▶ **Problem**
Repeat the data that follows in full. Do not include the pictures.
The data below:
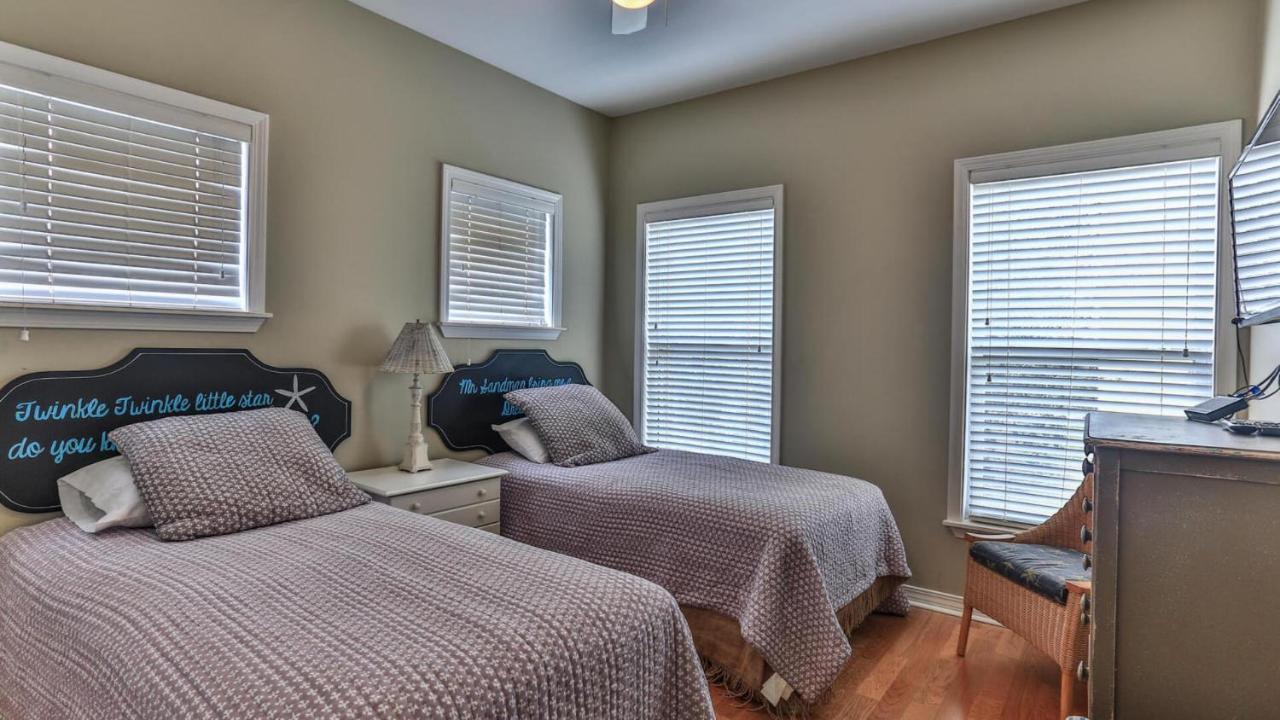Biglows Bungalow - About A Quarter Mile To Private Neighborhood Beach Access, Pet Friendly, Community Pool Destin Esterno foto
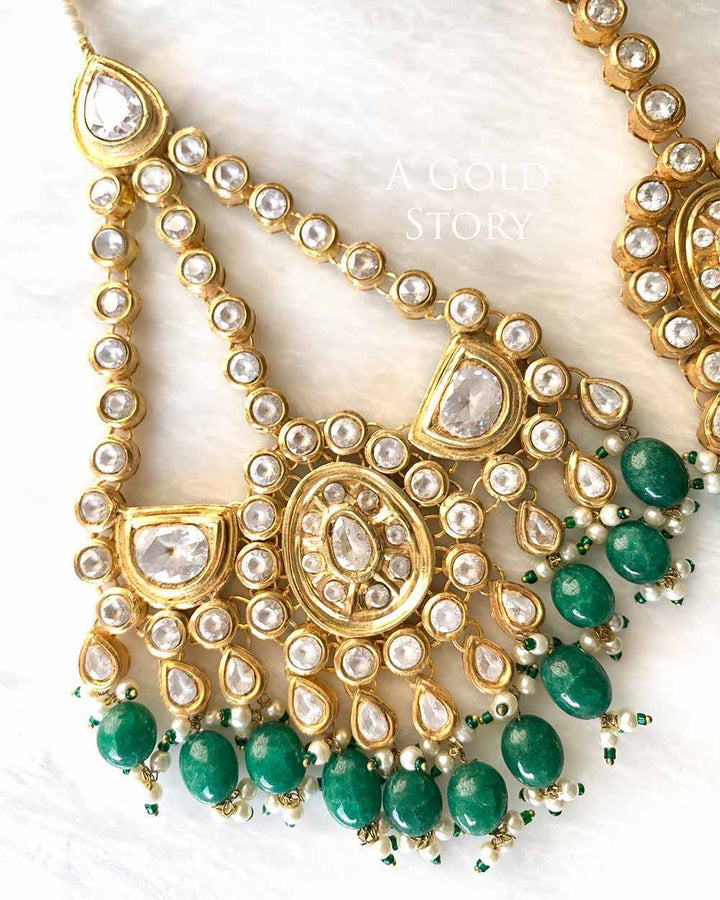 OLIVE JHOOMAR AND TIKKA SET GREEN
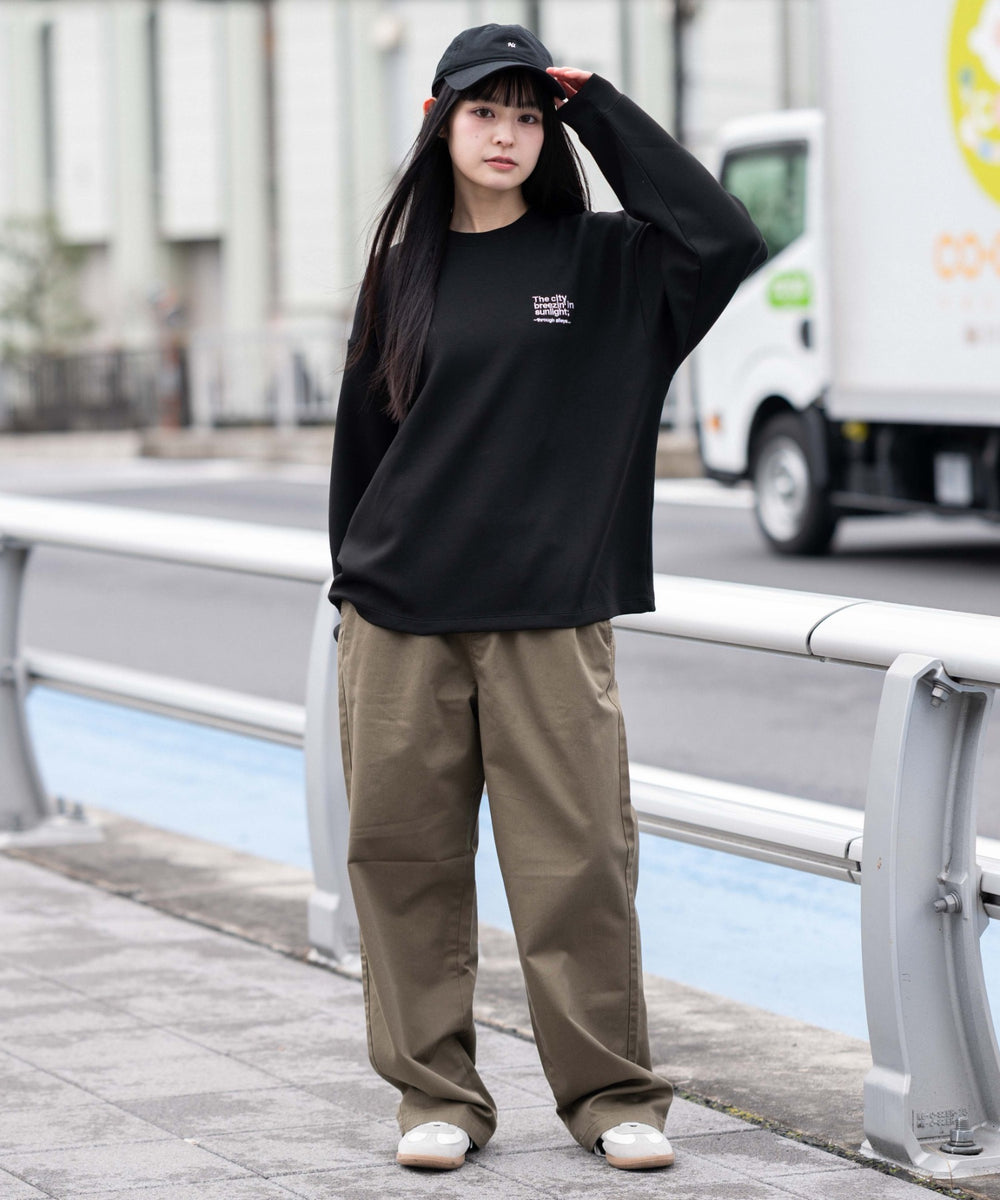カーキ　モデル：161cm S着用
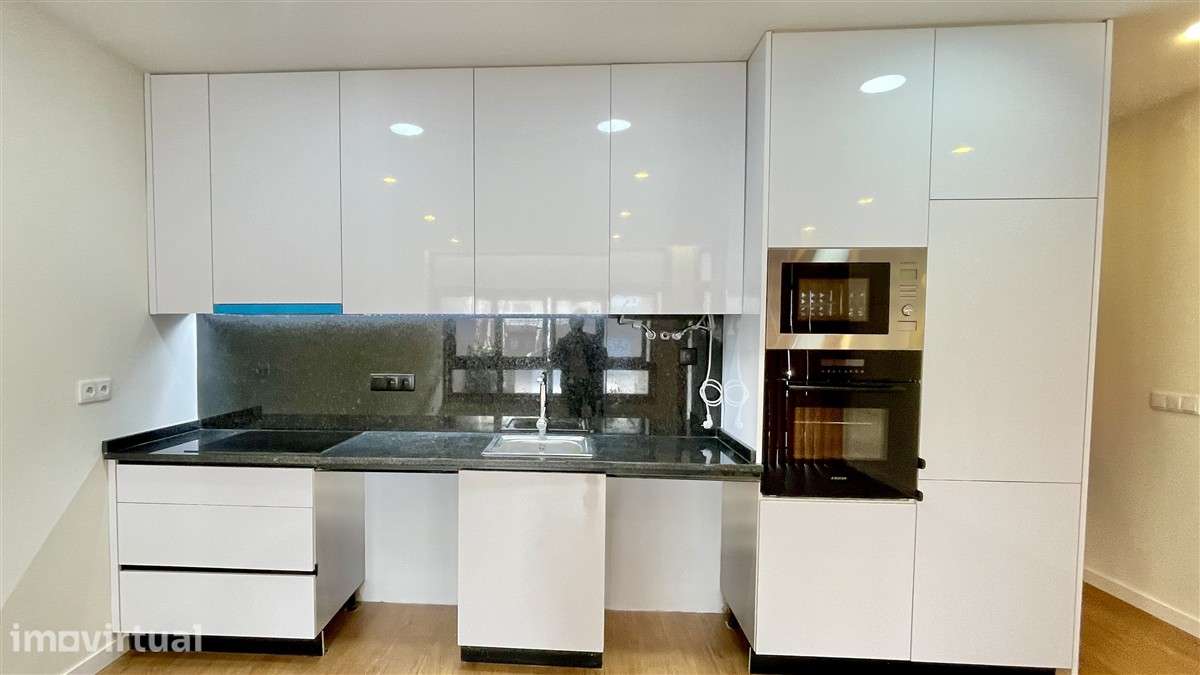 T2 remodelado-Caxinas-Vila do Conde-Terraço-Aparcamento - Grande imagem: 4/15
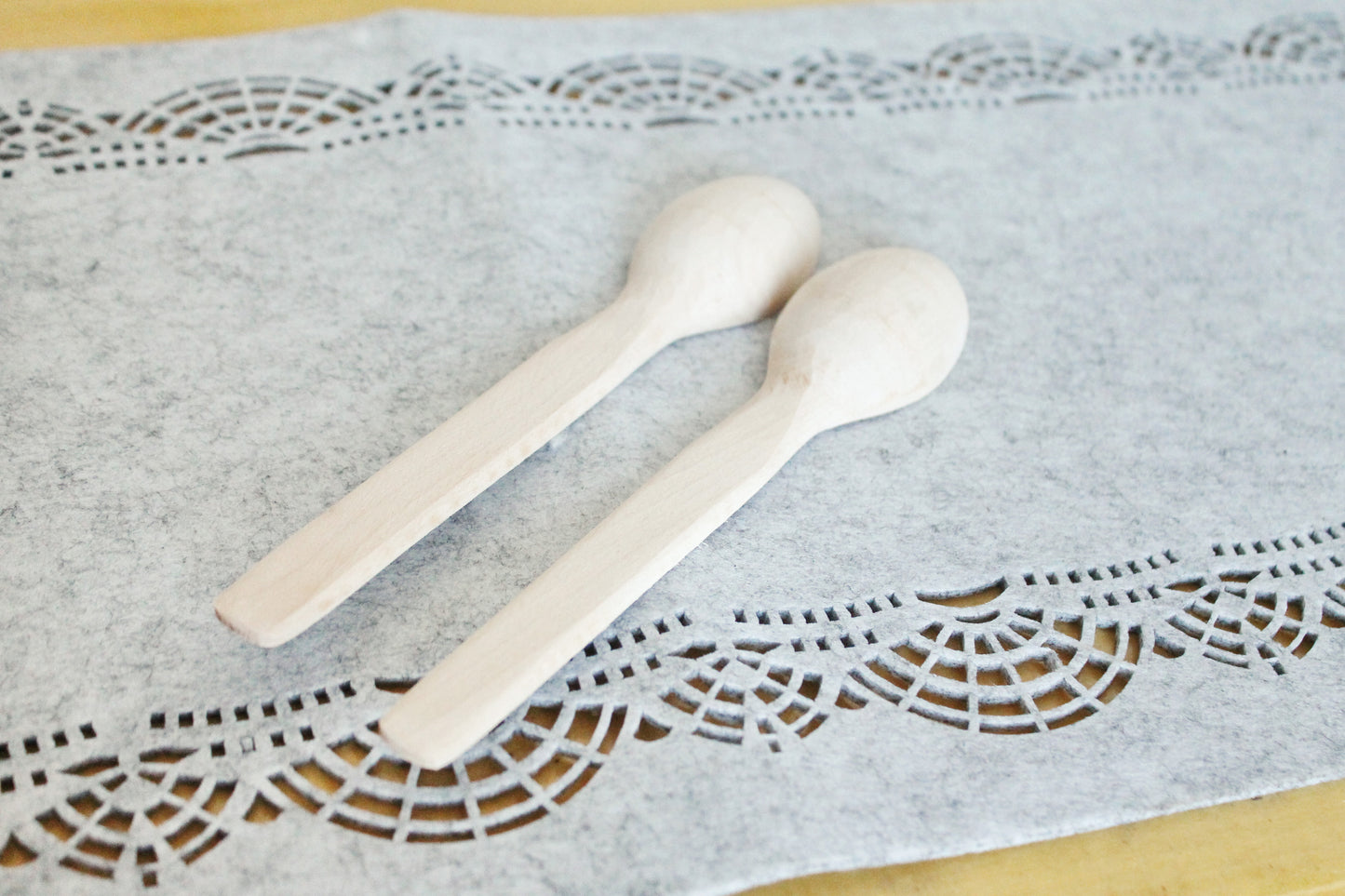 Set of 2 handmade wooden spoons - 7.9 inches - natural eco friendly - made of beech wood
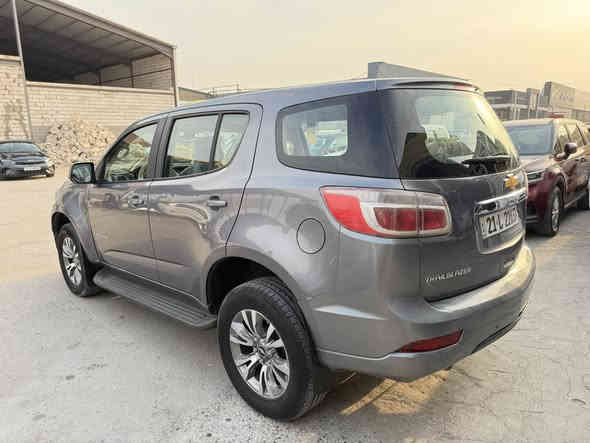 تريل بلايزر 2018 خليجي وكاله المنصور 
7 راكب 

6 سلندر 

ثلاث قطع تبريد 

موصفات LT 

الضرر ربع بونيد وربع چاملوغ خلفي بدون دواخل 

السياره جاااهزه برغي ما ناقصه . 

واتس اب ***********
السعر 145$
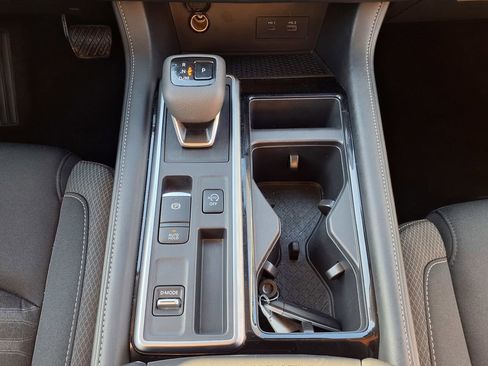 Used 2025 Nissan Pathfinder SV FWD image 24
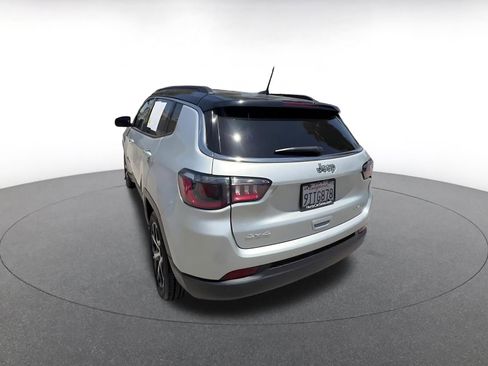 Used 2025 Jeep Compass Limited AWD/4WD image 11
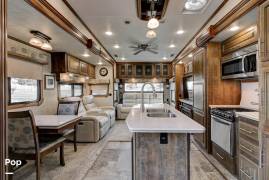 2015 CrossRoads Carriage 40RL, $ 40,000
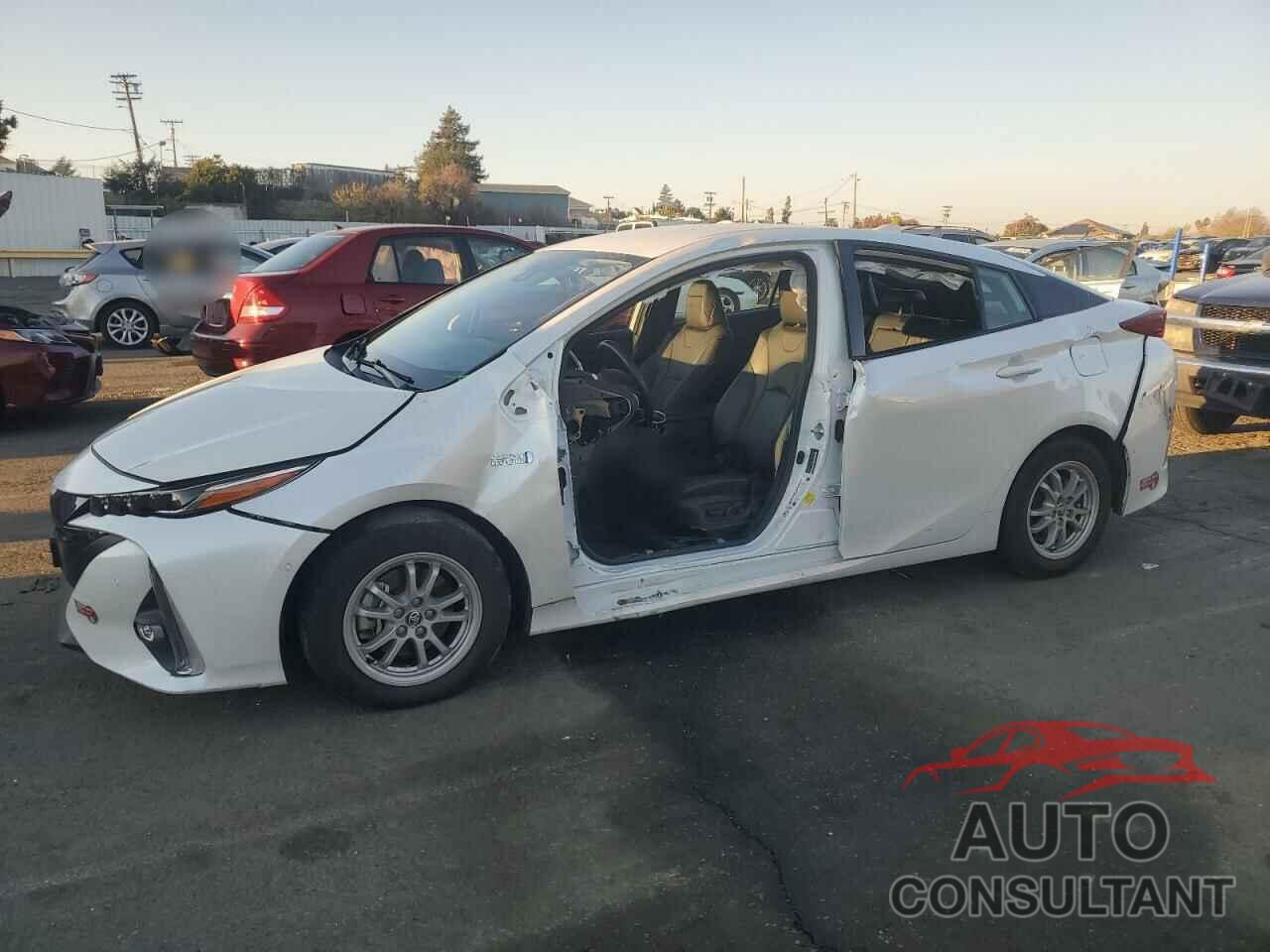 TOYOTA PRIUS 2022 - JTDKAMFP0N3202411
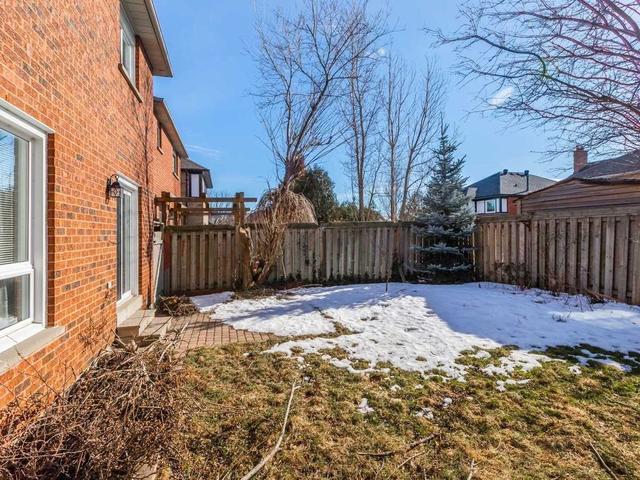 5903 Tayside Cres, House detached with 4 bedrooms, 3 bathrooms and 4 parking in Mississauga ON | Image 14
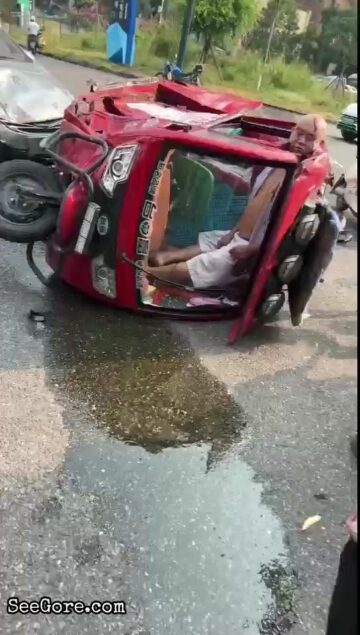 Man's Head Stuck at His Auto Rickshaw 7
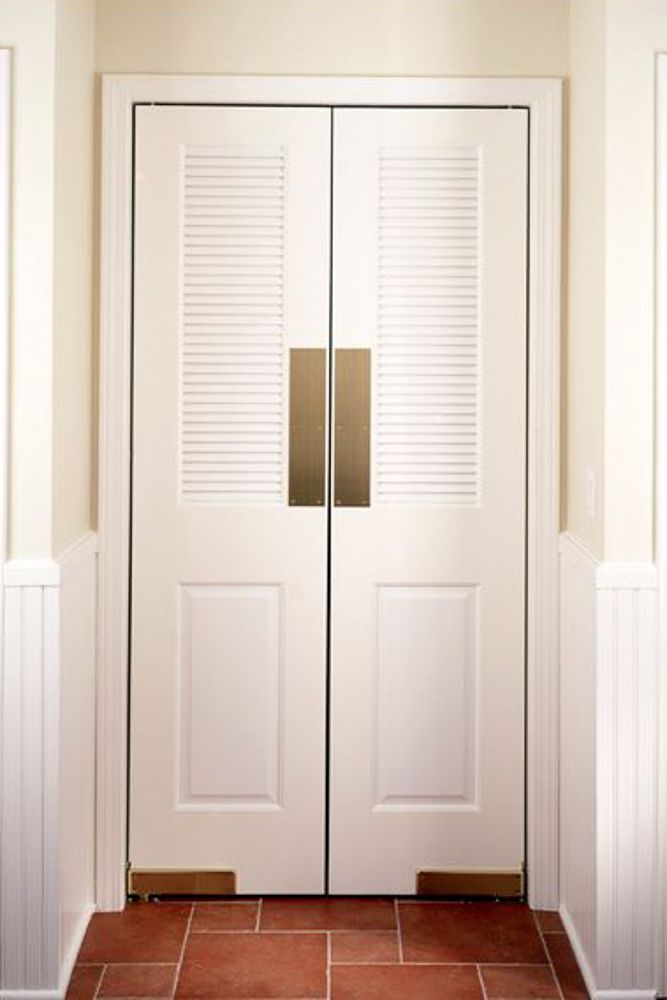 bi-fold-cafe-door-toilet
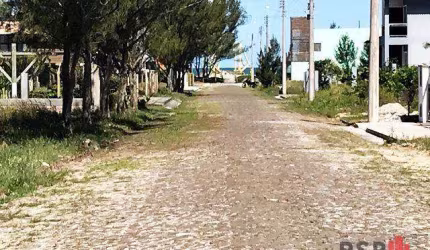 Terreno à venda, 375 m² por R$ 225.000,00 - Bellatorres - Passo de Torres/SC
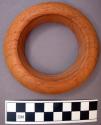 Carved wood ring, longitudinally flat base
End of The data.
▶ **Written reply**
Biglows Bungalow - About A Quarter Mile To Private Neighborhood Beach Access, Pet Friendly, Community Pool Destin Esterno foto
 OLIVE JHOOMAR AND TIKKA SET GREEN
カーキ　モデル：161cm S着用
 T2 remodelado-Caxinas-Vila do Conde-Terraço-Aparcamento - Grande imagem: 4/15
 Set of 2 handmade wooden spoons - 7.9 inches - natural eco friendly - made of beech wood
 تريل بلايزر 2018 خليجي وكاله المنصور 
7 راكب 

6 سلندر 

ثلاث قطع تبريد 

موصفات LT 

الضرر ربع بونيد وربع چاملوغ خلفي بدون دواخل 

السياره جاااهزه برغي ما ناقصه . 

واتس اب ***********
السعر 145$
 Used 2025 Nissan Pathfinder SV FWD image 24
 Used 2025 Jeep Compass Limited AWD/4WD image 11
 2015 CrossRoads Carriage 40RL, $ 40,000
 TOYOTA PRIUS 2022 - JTDKAMFP0N3202411
 5903 Tayside Cres, House detached with 4 bedrooms, 3 bathrooms and 4 parking in Mississauga ON | Image 14
 Man's Head Stuck at His Auto Rickshaw 7
 bi-fold-cafe-door-toilet
 Terreno à venda, 375 m² por R$ 225.000,00 - Bellatorres - Passo de Torres/SC
 Carved wood ring, longitudinally flat base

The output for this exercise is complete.